Publié le : 20 novembre 2012
Source : bvoltaire.fr
Lundi 19 novembre, sur France Inter, Antoine Sfeir, directeur des Cahiers de l’Orient, est interrogé sur la crise israélo-palestinienne.
Patrick Cohen lui demande ce qu’il pense de Laurent Fabius. « Laurent Fabius, Qui c’est ? »
Bien sûr, c’est une blague. Mais une blague qui en dit long. Et Sfeir de poursuivre : « On sait aujourd’hui que la France ne parle plus avec tout le monde… » Donc, que plus personne n’entend sa voix. Autre blague ? Peut-être, mais blague qui en dit tout aussi long.
Ainsi, Fabius va parler avec Israël et l’Autorité palestinienne. Mais pas avec le Hamas, pourtant partie prenante du conflit et démocratiquement élu à Gaza. Rappelons tout de même qu’à la fin du siècle dernier, ce sont précisément les gouvernements israéliens d’alors qui favorisèrent le Hamas islamique pour couper les jarrets d’une OLP laïque et nationaliste. Tout comme les USA financèrent le Vietminh et le FLN contre la France.
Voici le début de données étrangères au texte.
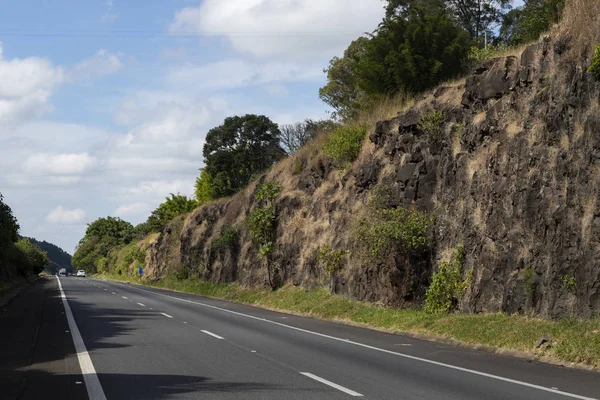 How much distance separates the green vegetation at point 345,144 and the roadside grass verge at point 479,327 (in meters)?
6.38

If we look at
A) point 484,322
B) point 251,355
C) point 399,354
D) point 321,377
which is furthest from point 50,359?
point 484,322

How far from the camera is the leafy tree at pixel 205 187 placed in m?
61.4

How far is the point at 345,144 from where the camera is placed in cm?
3189

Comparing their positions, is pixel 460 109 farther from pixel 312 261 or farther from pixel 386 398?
pixel 386 398

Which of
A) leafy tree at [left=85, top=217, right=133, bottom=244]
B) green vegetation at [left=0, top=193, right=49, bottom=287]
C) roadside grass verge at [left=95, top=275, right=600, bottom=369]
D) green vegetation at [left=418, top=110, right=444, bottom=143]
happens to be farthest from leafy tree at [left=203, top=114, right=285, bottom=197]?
leafy tree at [left=85, top=217, right=133, bottom=244]

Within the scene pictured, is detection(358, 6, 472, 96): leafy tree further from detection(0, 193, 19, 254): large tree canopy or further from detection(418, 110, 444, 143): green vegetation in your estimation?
detection(0, 193, 19, 254): large tree canopy

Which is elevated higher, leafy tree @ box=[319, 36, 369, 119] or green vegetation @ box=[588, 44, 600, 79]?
leafy tree @ box=[319, 36, 369, 119]

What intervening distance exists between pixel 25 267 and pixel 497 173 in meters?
58.1

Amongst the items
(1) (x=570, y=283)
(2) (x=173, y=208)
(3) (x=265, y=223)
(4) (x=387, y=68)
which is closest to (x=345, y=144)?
(4) (x=387, y=68)

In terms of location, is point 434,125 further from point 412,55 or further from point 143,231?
point 143,231

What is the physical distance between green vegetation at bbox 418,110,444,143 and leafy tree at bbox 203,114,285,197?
36.7m

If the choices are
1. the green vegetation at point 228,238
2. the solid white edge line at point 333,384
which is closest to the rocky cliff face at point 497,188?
the solid white edge line at point 333,384

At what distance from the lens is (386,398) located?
9070mm

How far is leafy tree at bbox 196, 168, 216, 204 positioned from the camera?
6138cm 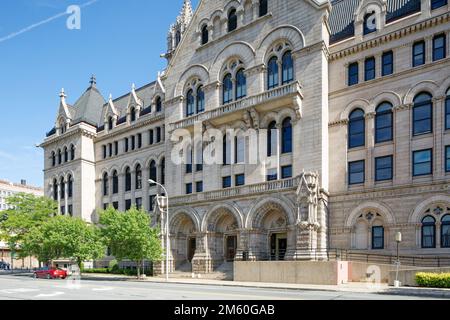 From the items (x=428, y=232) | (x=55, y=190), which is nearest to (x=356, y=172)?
(x=428, y=232)

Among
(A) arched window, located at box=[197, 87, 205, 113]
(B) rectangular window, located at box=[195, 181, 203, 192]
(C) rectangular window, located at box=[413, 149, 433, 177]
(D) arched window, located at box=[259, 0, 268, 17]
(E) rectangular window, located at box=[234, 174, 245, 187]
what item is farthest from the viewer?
(A) arched window, located at box=[197, 87, 205, 113]

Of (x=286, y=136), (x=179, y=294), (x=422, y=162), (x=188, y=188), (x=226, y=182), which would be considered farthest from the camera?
(x=188, y=188)

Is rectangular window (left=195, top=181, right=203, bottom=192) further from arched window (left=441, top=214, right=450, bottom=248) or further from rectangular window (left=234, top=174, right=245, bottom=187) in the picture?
arched window (left=441, top=214, right=450, bottom=248)

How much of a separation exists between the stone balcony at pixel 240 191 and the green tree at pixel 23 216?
22.1 m

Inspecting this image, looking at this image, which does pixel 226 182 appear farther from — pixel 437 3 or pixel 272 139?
pixel 437 3

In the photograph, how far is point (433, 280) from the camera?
2362 centimetres

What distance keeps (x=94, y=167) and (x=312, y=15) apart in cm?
3465

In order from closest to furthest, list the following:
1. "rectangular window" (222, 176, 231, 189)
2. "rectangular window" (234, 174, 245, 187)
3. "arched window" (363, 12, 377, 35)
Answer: "arched window" (363, 12, 377, 35) → "rectangular window" (234, 174, 245, 187) → "rectangular window" (222, 176, 231, 189)

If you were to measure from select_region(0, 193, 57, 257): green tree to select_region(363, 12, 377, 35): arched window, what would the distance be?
42437 mm

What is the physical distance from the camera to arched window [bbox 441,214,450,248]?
28.2m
Pour ensuite faire de même de Ben Laden et des Talibans.
Fabius sait tout ça, mais fait comme s’il ne le savait pas.
Bref, la France ne pèse plus parce qu’elle ne veut plus peser.
« Puissance moyenne », prétendait Giscard dont on n’aura jamais fini de mesurer la nuisance. Lors du coup de force de Jaruzelski en Pologne, il fut demandé à Claude Cheysson, prédécesseur de Laurent Fabius, ce que la France comptait faire. Sa réponse fut : « Rien, évidemment ! »
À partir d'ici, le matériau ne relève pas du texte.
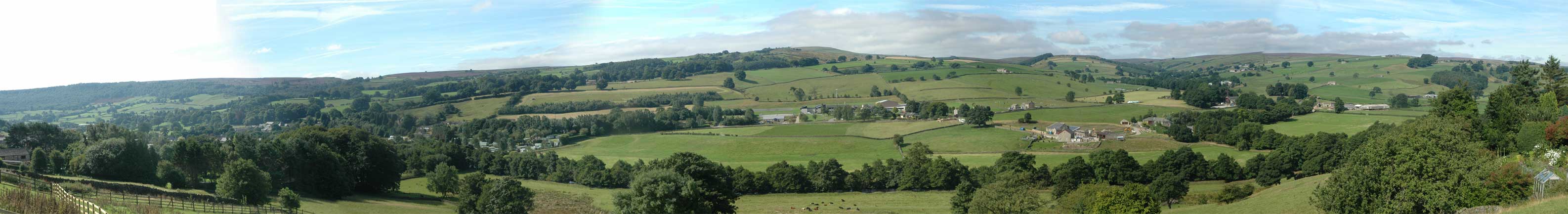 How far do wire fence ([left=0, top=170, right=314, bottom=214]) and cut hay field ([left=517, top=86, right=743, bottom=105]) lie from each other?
44.1 meters

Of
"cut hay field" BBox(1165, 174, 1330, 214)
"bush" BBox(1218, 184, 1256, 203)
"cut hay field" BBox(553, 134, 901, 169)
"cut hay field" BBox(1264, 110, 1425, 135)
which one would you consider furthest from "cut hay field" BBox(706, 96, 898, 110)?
"cut hay field" BBox(1165, 174, 1330, 214)

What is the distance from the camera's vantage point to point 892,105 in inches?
2484

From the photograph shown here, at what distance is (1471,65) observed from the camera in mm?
91625

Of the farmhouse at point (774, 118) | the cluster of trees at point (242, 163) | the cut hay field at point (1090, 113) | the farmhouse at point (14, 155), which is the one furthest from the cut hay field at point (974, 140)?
the farmhouse at point (14, 155)

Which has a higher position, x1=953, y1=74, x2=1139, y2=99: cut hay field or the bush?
x1=953, y1=74, x2=1139, y2=99: cut hay field

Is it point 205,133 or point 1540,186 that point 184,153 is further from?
point 1540,186

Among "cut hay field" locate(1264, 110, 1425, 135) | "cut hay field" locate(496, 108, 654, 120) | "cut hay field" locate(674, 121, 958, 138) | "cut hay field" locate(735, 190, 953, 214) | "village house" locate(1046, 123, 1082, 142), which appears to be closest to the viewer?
"cut hay field" locate(735, 190, 953, 214)

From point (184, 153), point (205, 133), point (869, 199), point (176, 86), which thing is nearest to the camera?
point (184, 153)

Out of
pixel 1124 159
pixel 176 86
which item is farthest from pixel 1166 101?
pixel 176 86

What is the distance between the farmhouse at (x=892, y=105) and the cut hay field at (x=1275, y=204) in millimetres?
33950

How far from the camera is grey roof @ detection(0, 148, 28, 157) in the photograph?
87.2 feet

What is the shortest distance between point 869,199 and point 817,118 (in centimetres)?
2753

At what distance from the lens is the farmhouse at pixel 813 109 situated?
60.8 metres

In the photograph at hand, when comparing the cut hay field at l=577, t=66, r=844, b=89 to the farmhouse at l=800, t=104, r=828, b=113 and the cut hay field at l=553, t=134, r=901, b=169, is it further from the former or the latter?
the cut hay field at l=553, t=134, r=901, b=169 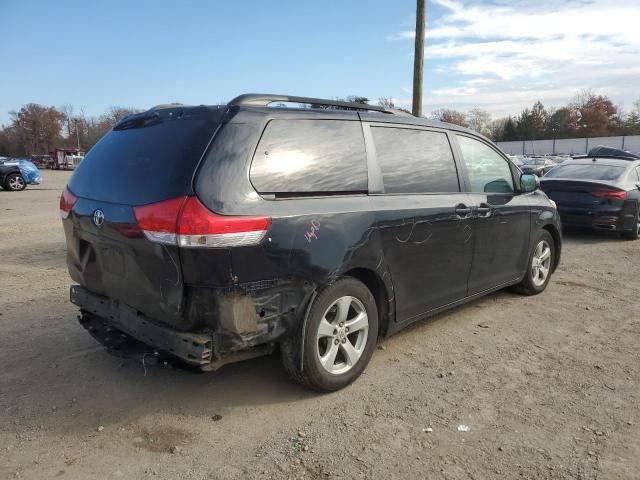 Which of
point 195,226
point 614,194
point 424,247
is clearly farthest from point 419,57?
point 195,226

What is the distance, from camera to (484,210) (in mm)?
4609

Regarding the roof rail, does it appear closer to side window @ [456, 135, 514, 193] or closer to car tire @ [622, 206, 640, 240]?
side window @ [456, 135, 514, 193]

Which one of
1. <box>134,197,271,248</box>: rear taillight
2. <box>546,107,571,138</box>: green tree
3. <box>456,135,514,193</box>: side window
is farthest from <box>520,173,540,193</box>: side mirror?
<box>546,107,571,138</box>: green tree

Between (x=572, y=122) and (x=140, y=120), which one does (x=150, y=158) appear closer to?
(x=140, y=120)

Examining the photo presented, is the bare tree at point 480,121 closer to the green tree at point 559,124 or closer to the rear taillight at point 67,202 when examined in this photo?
the green tree at point 559,124

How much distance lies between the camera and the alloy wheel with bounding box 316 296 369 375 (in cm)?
334

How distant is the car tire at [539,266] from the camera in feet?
18.5

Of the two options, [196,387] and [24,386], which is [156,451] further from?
[24,386]

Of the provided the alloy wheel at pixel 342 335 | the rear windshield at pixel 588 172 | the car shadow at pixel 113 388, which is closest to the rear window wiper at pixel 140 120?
the car shadow at pixel 113 388

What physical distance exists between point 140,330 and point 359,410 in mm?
1442

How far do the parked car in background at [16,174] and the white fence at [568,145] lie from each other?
64.2m

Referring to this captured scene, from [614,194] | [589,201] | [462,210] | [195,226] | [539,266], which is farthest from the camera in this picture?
[589,201]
Dans le même temps, Barack Obama se rend en Birmanie. Parler avec une junte naguère jugée infréquentable par des USA qui l’invitent désormais à ses pince-fesses internationaux. À l’occasion, une grosse poignée de journalistes encabanés ont retrouvé la liberté, alors qu’un an avant, Luc Besson en était encore à tourner un film sur Aung San Suu Kyi, sorte de Jeanne d’Arc locale : amour soudain de la liberté de la presse ou des droits de l’homme ? Ça, c’est bon pour les lecteurs de Libération ou de Télérama.
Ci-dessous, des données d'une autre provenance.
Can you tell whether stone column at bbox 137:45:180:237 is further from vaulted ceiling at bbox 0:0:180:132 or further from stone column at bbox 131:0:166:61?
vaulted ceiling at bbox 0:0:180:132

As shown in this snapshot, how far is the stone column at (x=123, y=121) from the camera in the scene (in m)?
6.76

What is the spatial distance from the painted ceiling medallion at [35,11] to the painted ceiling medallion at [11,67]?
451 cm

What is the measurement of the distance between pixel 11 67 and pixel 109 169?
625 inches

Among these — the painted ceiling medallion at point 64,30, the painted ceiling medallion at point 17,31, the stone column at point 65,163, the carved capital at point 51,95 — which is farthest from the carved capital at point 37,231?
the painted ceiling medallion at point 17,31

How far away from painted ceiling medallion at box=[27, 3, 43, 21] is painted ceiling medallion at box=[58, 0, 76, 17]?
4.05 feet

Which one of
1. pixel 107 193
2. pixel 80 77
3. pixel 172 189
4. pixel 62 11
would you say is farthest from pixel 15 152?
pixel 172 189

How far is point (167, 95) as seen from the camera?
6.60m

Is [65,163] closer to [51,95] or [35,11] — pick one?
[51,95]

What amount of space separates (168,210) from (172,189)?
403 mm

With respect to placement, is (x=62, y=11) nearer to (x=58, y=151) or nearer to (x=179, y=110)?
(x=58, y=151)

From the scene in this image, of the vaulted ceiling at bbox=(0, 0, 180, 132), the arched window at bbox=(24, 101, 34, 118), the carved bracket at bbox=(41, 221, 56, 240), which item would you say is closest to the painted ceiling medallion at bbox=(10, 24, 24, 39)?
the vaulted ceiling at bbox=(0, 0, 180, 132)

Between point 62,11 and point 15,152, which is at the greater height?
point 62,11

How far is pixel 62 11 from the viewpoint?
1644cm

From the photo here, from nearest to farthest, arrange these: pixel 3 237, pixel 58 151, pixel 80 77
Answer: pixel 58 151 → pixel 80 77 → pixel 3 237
Et c’est là qu’un petit rappel historique s’impose. Du temps de la Mare Nostrum, nombre de guerres ont été livrées pour le contrôle de la Méditerranée. Puis, le centre de gravité s’est déplacé vers l’océan Atlantique. En ce troisième millénaire, il se déplace à nouveau, mais vers un autre océan, ce Pacifique qui risque de bien mal porter son nom dans les années à venir. Car ce sont là que campent les puissances émergentes, Chine et Inde, entre autres. D’où le soudain désintérêt américain pour les affaires européennes et israélo-palestiniennes. Ajoutez à ceci leurs fabuleux gisements de gaz de schiste qui devraient bientôt permettre aux USA d’en finir avec leur cordon ombilical et énergétique les liant avec le Proche-Orient. Il n’est pas besoin d’avoir fait les grandes écoles pour comprendre que les configurations géopolitiques de demain ne seront plus celles d’hier, faits de schémas crétins de Guerre froide, méchants communistes, ou de Choc des civilisations, méchants islamistes, etc.
Dans ces prochaines décennies, tout devrait donc se jouer dans le Pacifique. Et la France, qui de par ses territoires d’Outre-mer, possède le plus grand domaine marin au monde, en ce lieu principalement, aurait tout intérêt à méditer cette redistribution des cartes.
L’irremplaçable Michel Jobert, à qui il fut un jour demandé ce qu’il pensait de la politique arabe de la France, eut ce mot : « Il n’en reste plus que Barbès-Rochechouart… »
Que la Providence et la volonté des hommes fassent que l’adage ne se vérifie pas dans le théâtre des opérations à venir.